┌─ The data

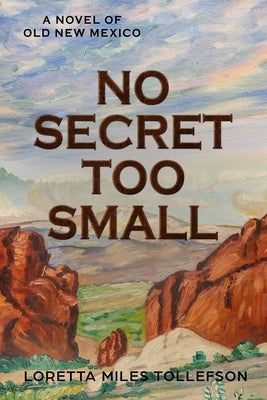 No Secret Too Small: A Novel of Old New Mexico by Miles Tollefson, Loretta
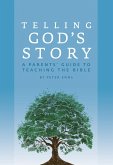 Telling God's Story: A Parents' Guide to Teaching the Bible (Telling God's Story) (eBook, ePUB)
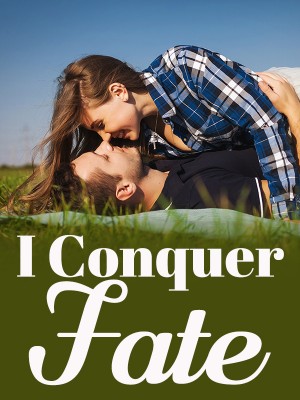 I Conquer Fate,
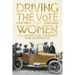 Driving the Vote for Women: An American Journey for Suffrage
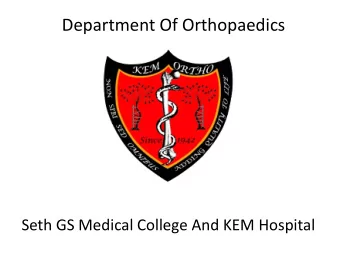 Department Of Orthopaedics  Seth GS Medical College And KEM Hospital  Vision For Coming Decade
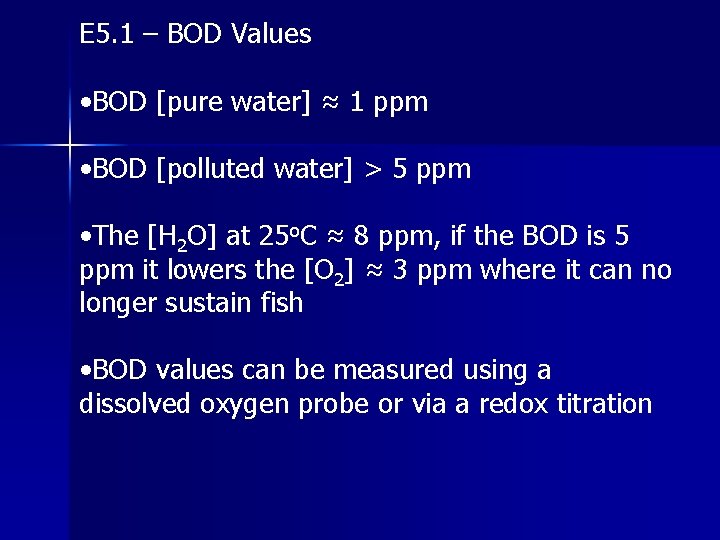 E 5. 1 – BOD Values • BOD [pure water] ≈ 1 ppm •
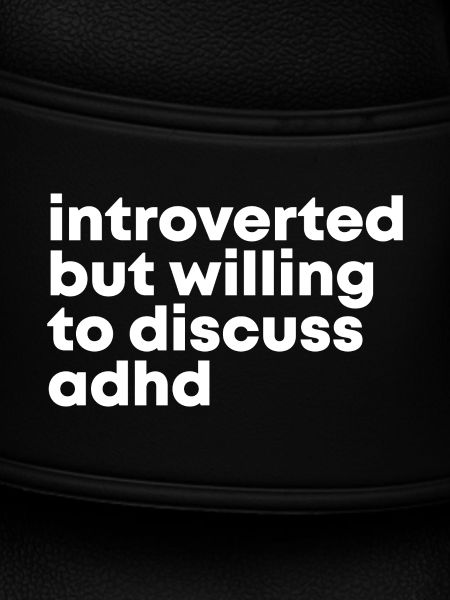 ADHD ADHD ADHD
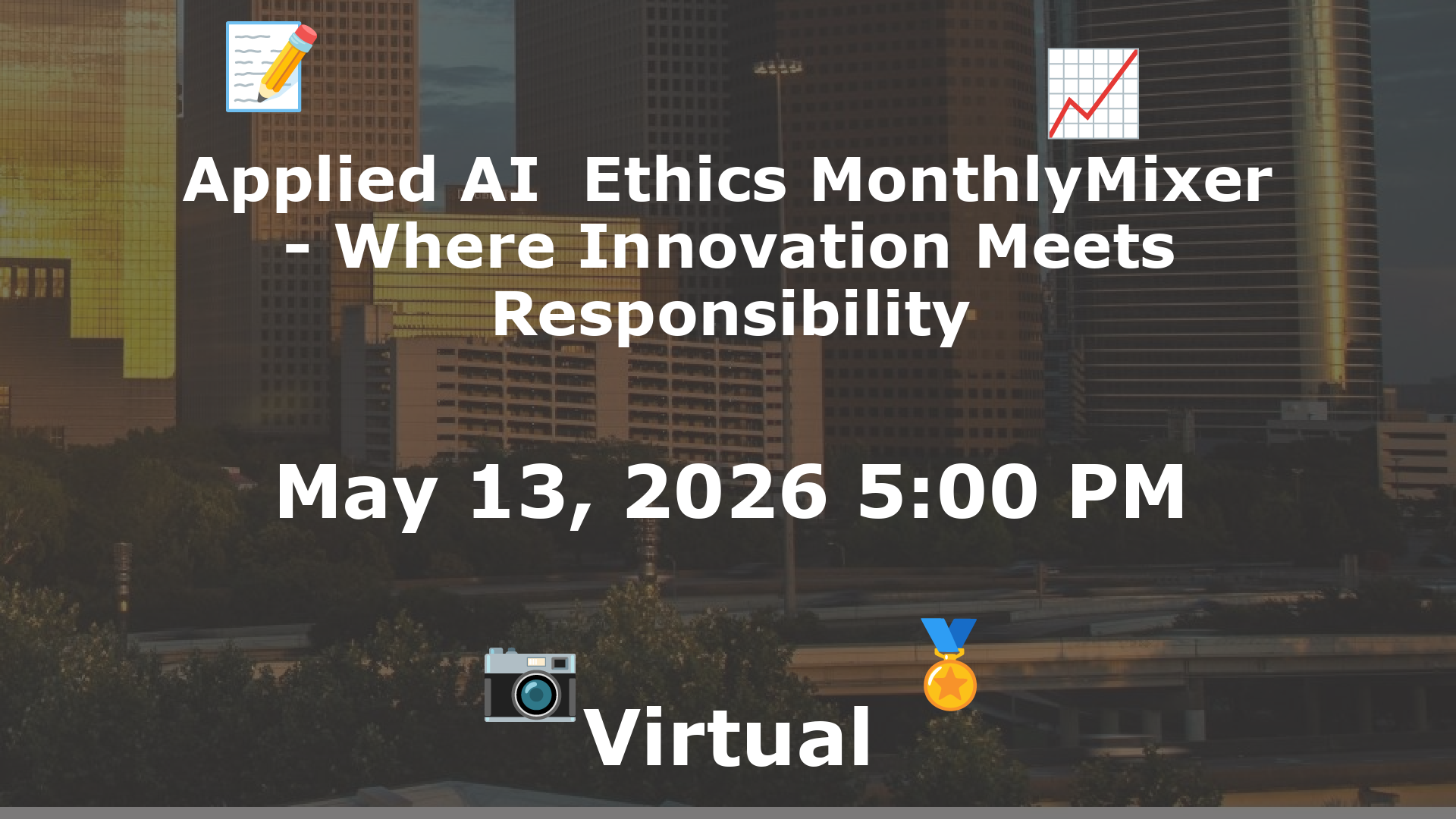 Applied AI  Ethics MonthlyMixer - Where Innovation Meets Responsibility event image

└─

# Task instructions
Here the requirement is to restate exactly the line holding "Telling God's Story: A" and every later line through the end of the material, omitting pictures.

# Task solution
 Telling God's Story: A Parents' Guide to Teaching the Bible (Telling God's Story) (eBook, ePUB)
 I Conquer Fate,
 Driving the Vote for Women: An American Journey for Suffrage
 Department Of Orthopaedics  Seth GS Medical College And KEM Hospital  Vision For Coming Decade
 E 5. 1 – BOD Values • BOD [pure water] ≈ 1 ppm •
 ADHD ADHD ADHD
 Applied AI  Ethics MonthlyMixer - Where Innovation Meets Responsibility event image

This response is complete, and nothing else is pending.